INPUT RECORDS >>
▬▬▬▬▬▬
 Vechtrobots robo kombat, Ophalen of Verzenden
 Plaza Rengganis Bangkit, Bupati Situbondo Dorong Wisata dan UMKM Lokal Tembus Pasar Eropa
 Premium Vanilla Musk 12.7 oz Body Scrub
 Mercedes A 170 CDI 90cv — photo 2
▬▬▬▬▬▬
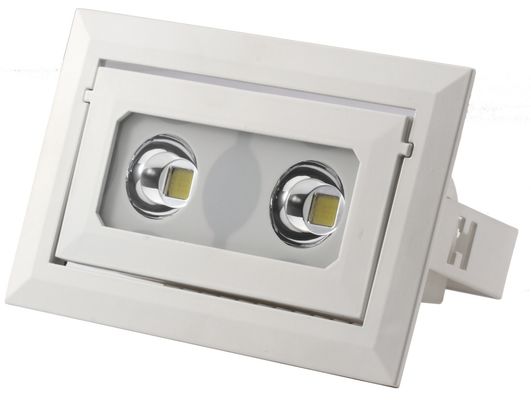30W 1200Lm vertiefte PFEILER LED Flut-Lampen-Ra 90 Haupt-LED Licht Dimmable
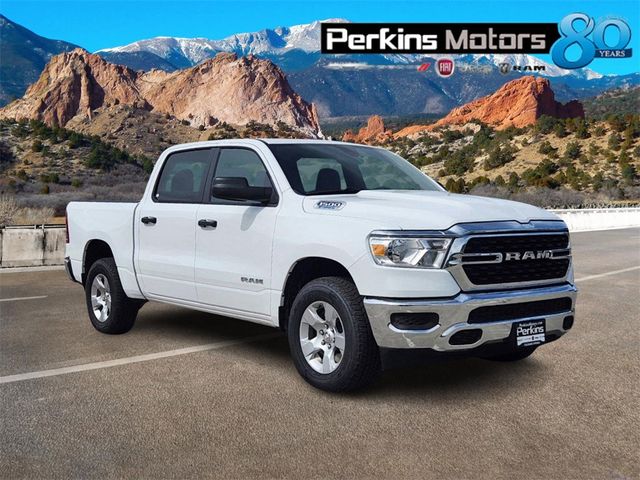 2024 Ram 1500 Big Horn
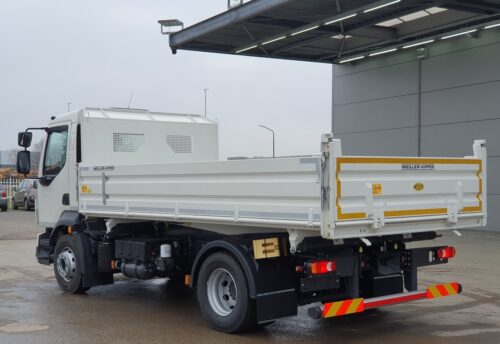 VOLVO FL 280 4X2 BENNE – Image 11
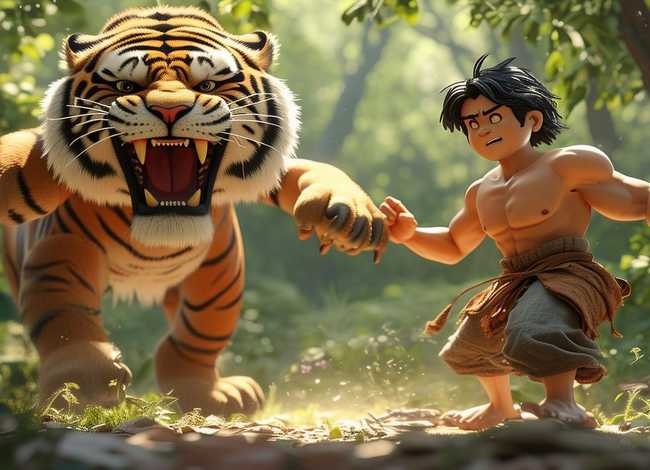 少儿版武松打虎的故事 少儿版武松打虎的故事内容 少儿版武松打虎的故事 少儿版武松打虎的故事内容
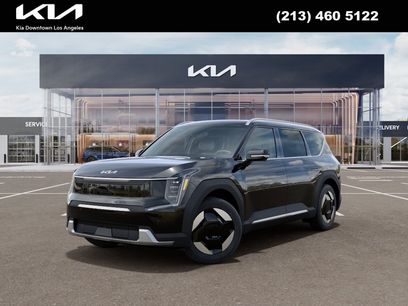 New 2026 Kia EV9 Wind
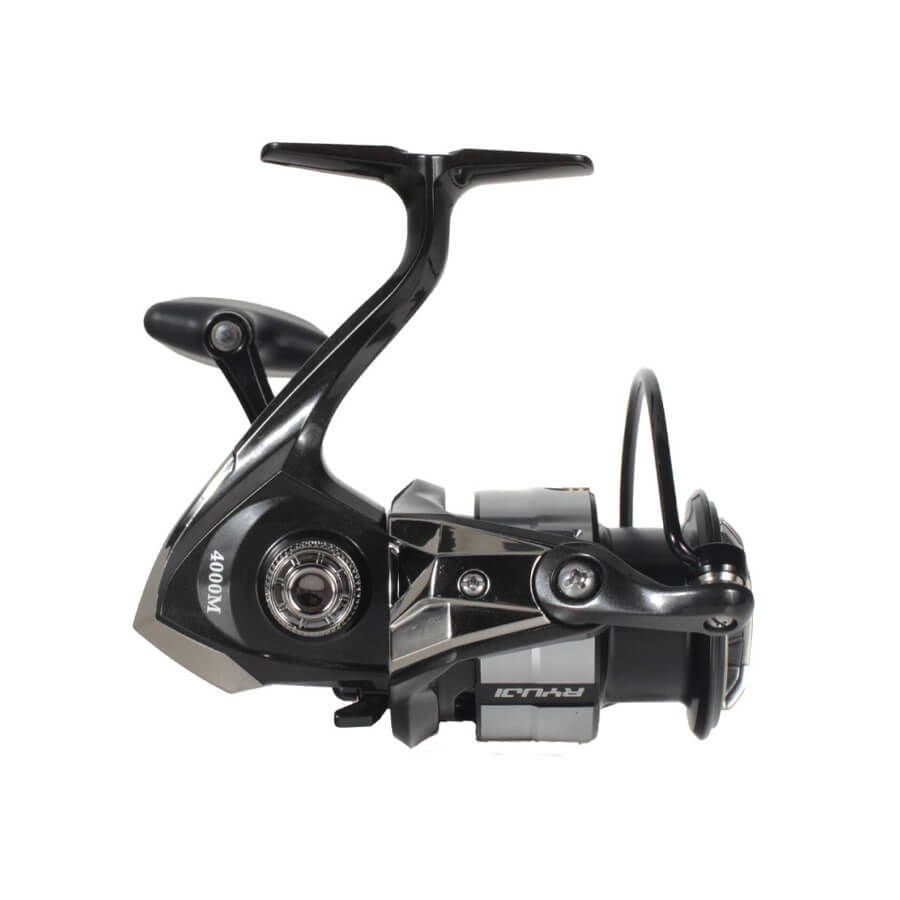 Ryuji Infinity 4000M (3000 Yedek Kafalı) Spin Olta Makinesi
▬▬▬▬▬▬
TASK GOAL >> Word for word, restate the lines of the data above that fall between the line holding "Vechtrobots robo kombat, Ophalen" and the line holding "Mercedes A 170 CDI 90cv — photo 2", inclusive, and no other lines.

WRITTEN SOLUTION >>
 Vechtrobots robo kombat, Ophalen of Verzenden
 Plaza Rengganis Bangkit, Bupati Situbondo Dorong Wisata dan UMKM Lokal Tembus Pasar Eropa
 Premium Vanilla Musk 12.7 oz Body Scrub
 Mercedes A 170 CDI 90cv — photo 2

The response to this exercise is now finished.